§ **Action item**
Give a verbatim copy of the data, leaving the pictures out.

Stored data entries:
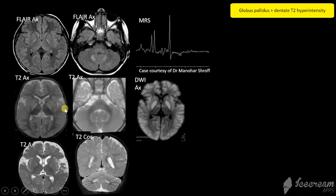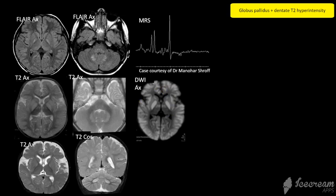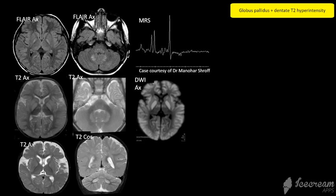The second case has striatal hyperintensity, again very symmetric, looks like a metabolic process, as well as diffuse restricted diffusion. Striatal involvement should make you think of an organic acidemia, and this was propionic acidemia.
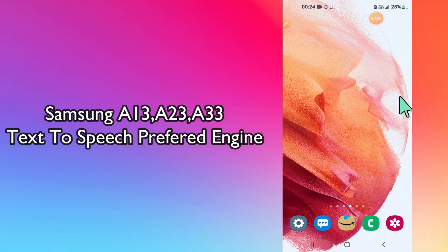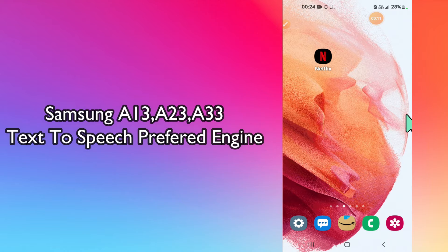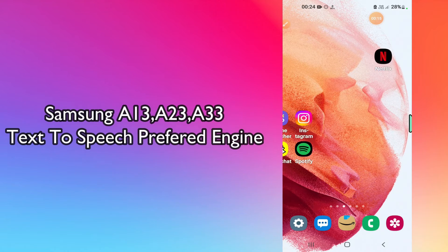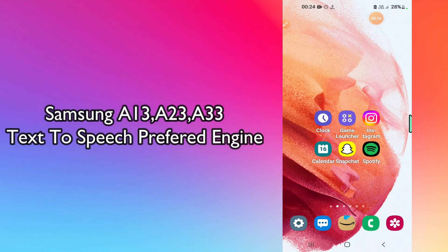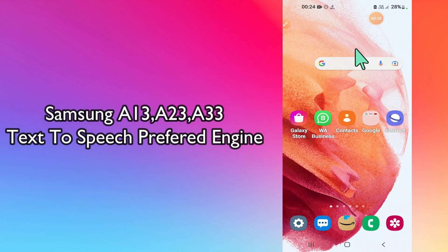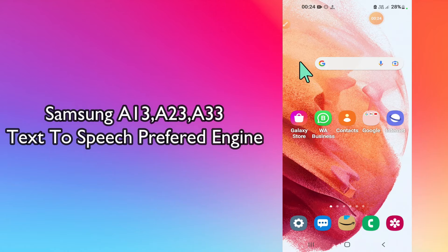Hi everyone, today I am going to show you how you can set text to speech preferred engine to Samsung or Google in your device Samsung A13, A23, and A33. I will tell you a few tips and tricks that you can use to do it.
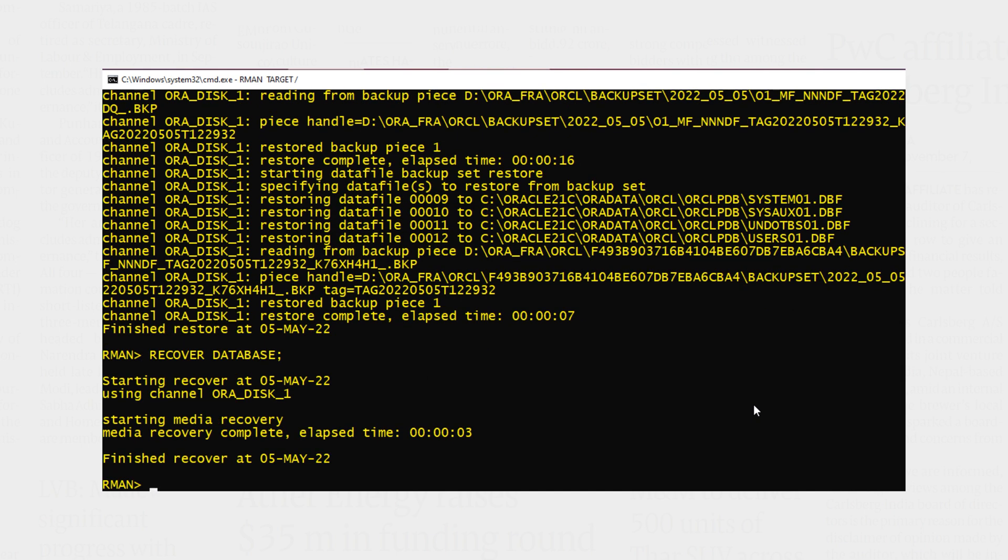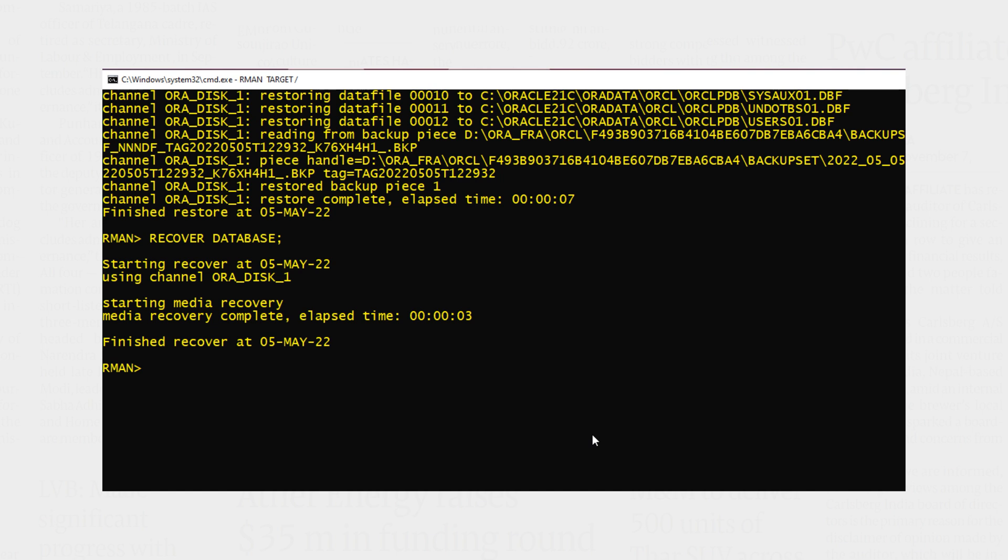Seems like database is restored and recovered to its normal state. Let's check. To check, I will shut down the database and then try to open it up normally using startup command. If the database is in its normal state, then it will open without any errors.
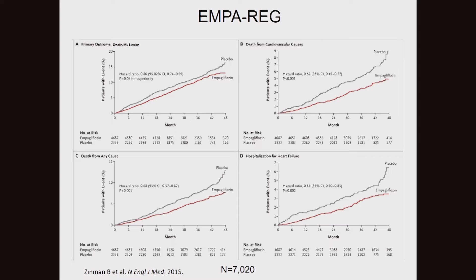For people with diabetes, two classes of drugs have been shown in recent years to prevent heart attacks, strokes, and death. The EMPA-REG trial tested empagliflozin, an SGLT2 inhibitor. People who took the drug lived longer, had fewer heart attacks, and fewer strokes compared with placebo. If you have diabetes and heart disease, ask your doctor if you are a candidate for this kind of drug.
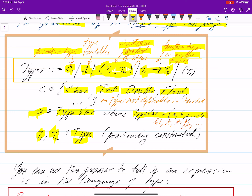For the Cartesian product, T1 and T2 have to be types you can describe — previously constructed types. What this does is make sure you can't have an infinite type. You can't say T2 is T3 arrow, and I'm still defining T3 arrow T4. You always have a finite-size type expression, and restricting yourself to previously constructed types is what gives you that.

§ **Response to this exercise**
The second case has striatal hyperintensity, again very symmetric, looks like a metabolic process, as well as diffuse restricted diffusion. Striatal involvement should make you think of an organic acidemia, and this was propionic acidemia.
Hi everyone, today I am going to show you how you can set text to speech preferred engine to Samsung or Google in your device Samsung A13, A23, and A33. I will tell you a few tips and tricks that you can use to do it.
Seems like database is restored and recovered to its normal state. Let's check. To check, I will shut down the database and then try to open it up normally using startup command. If the database is in its normal state, then it will open without any errors.
For people with diabetes, two classes of drugs have been shown in recent years to prevent heart attacks, strokes, and death. The EMPA-REG trial tested empagliflozin, an SGLT2 inhibitor. People who took the drug lived longer, had fewer heart attacks, and fewer strokes compared with placebo. If you have diabetes and heart disease, ask your doctor if you are a candidate for this kind of drug.
For the Cartesian product, T1 and T2 have to be types you can describe — previously constructed types. What this does is make sure you can't have an infinite type. You can't say T2 is T3 arrow, and I'm still defining T3 arrow T4. You always have a finite-size type expression, and restricting yourself to previously constructed types is what gives you that.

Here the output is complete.